■ About this exercise: Taking the data below, please print only the lines from the line holding "Feriehus Eco Fisherman's" to the line holding "Sa Domu Sarda", inclusive, with pictures omitted.

___ Exercise materials ___

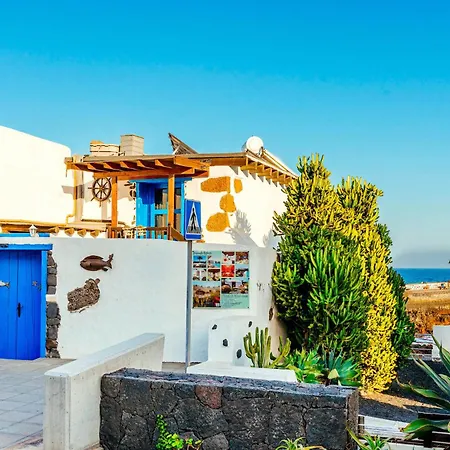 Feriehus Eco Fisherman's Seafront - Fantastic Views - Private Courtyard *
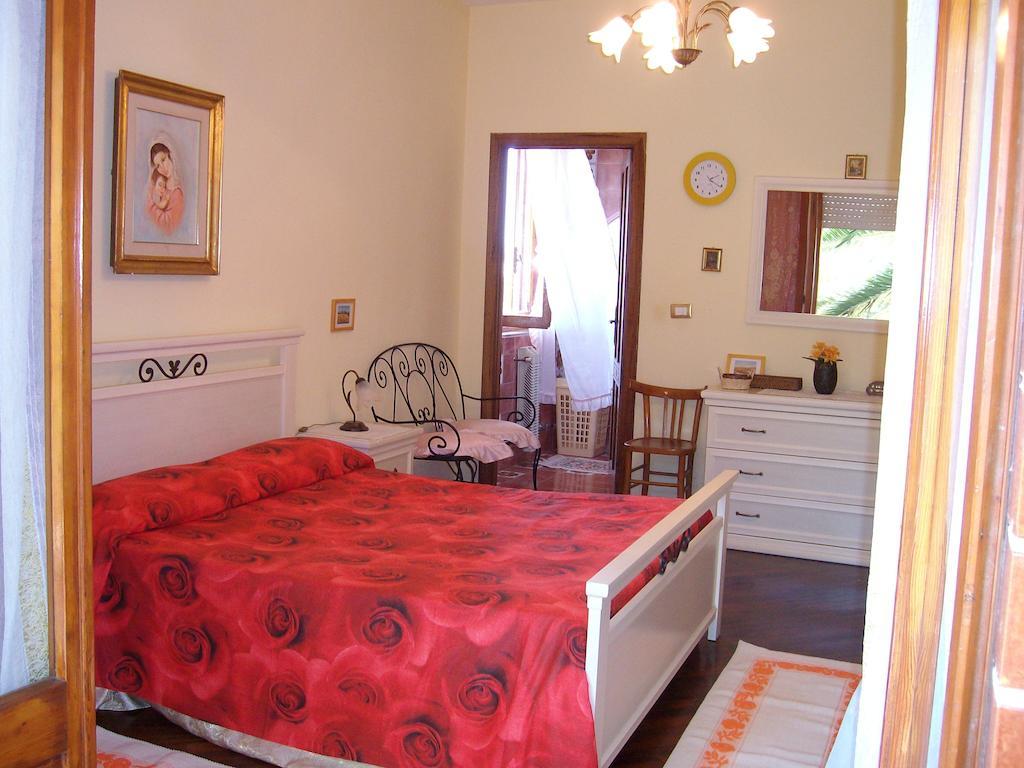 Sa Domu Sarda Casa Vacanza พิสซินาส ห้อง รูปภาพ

___
___ Exercise materials ___

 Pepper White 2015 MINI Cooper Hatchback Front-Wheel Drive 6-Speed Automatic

___
___ Exercise materials ___

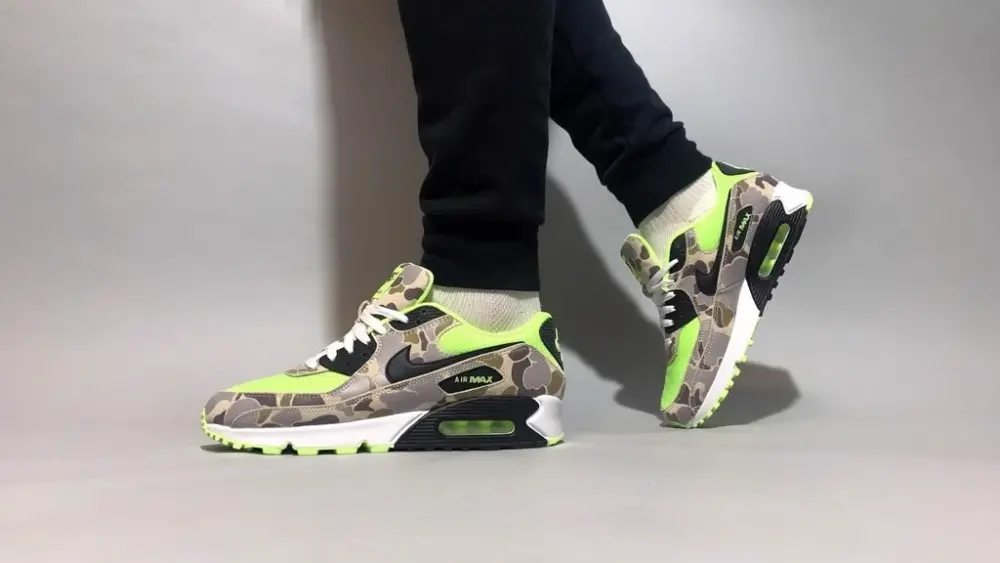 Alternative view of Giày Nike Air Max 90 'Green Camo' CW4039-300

___

■ Response area:
 Feriehus Eco Fisherman's Seafront - Fantastic Views - Private Courtyard *
 Sa Domu Sarda Casa Vacanza พิสซินาส ห้อง รูปภาพ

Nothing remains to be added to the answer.